*Exercise data:*
◇ ◇ ◇ ◇ ◇ ◇ ◇

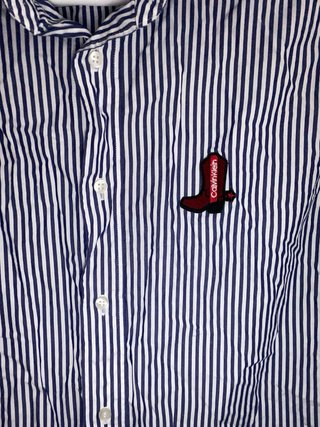 Camisa Calvin Klein Rayas Azul/Blanco Talla M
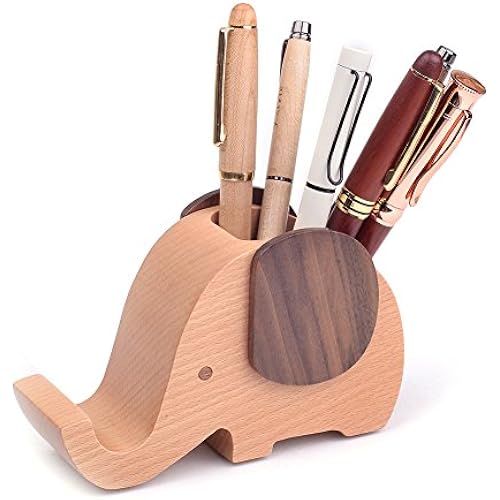 Artinova Elephant Wooden Pen Cup Pencil Holder for Desk Decor Desk Organizer with Cell Phone Stand ARTA-0057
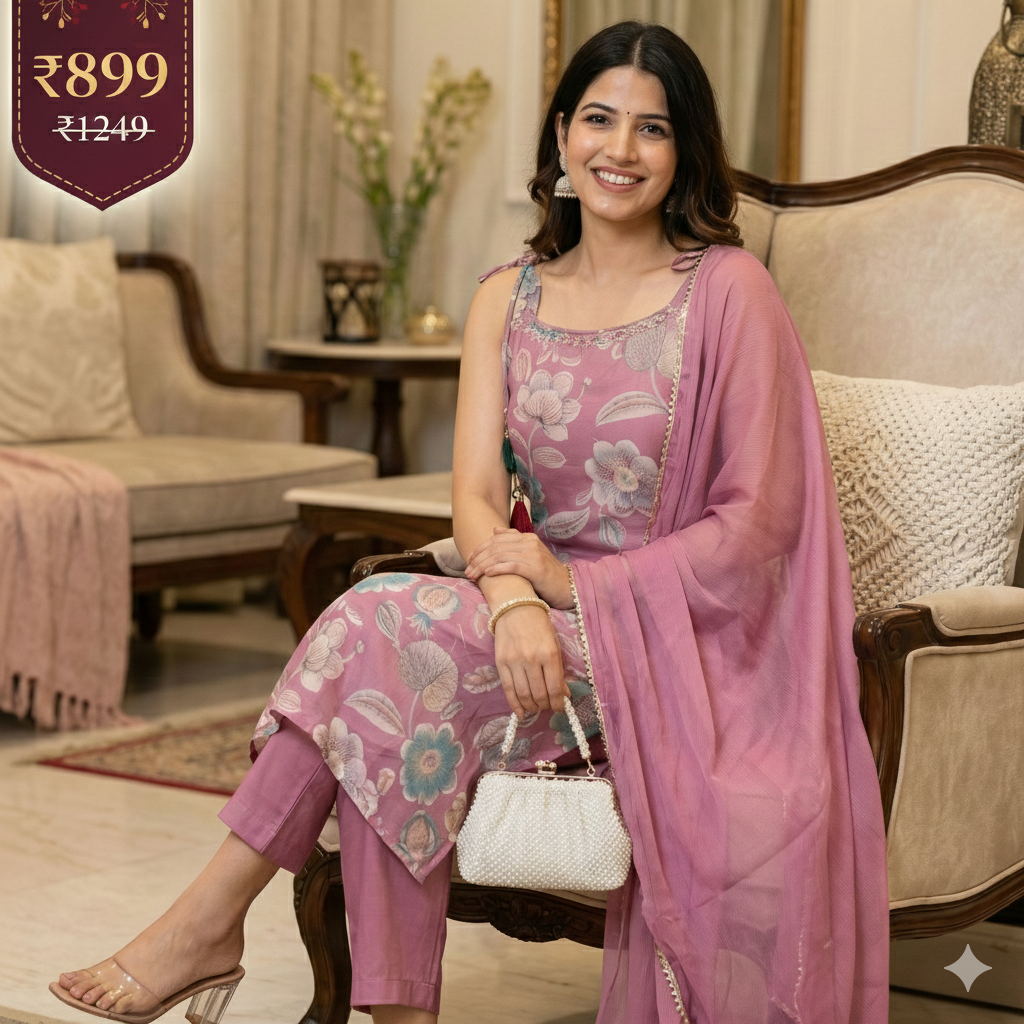 Pink Floral Embroidered 3-Piece Suit for Women – Elegant Festive & Party Wear 2-Piece Suit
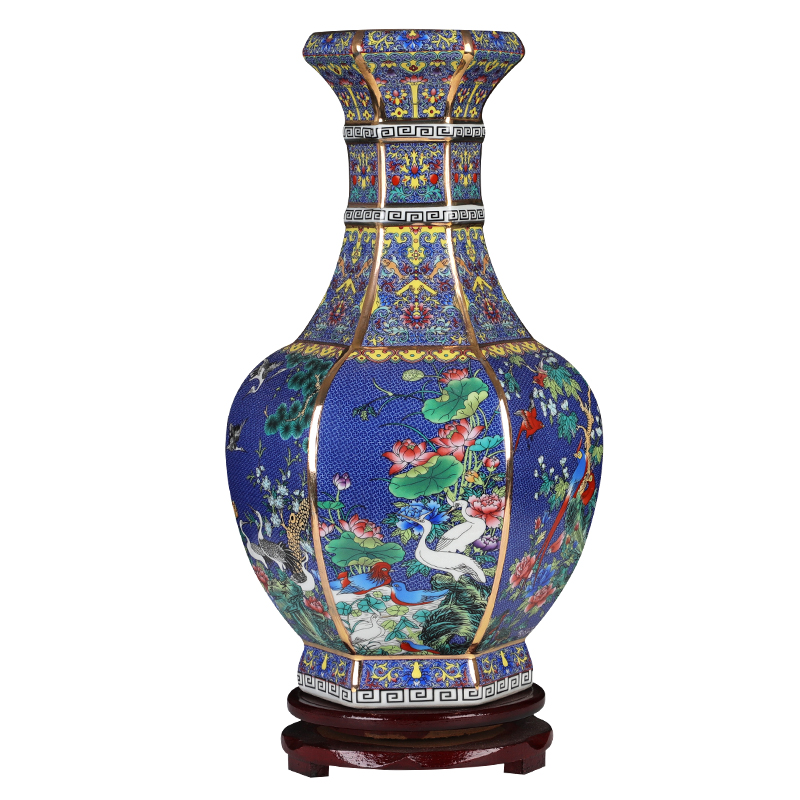 Chinese jingdezhen ceramics vase furnishing articles colored enamel decoration dried flowers flower arrangement sitting room adornment archaize handicraft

◇ ◇ ◇ ◇ ◇ ◇ ◇

*Task statement:* Give again, word for word, every line from the top of the data through the line with "Pink Floral Embroidered", both ends included, and exclude the pictures.

*Solution to this exercise:*
 Camisa Calvin Klein Rayas Azul/Blanco Talla M
 Artinova Elephant Wooden Pen Cup Pencil Holder for Desk Decor Desk Organizer with Cell Phone Stand ARTA-0057
 Pink Floral Embroidered 3-Piece Suit for Women – Elegant Festive & Party Wear 2-Piece Suit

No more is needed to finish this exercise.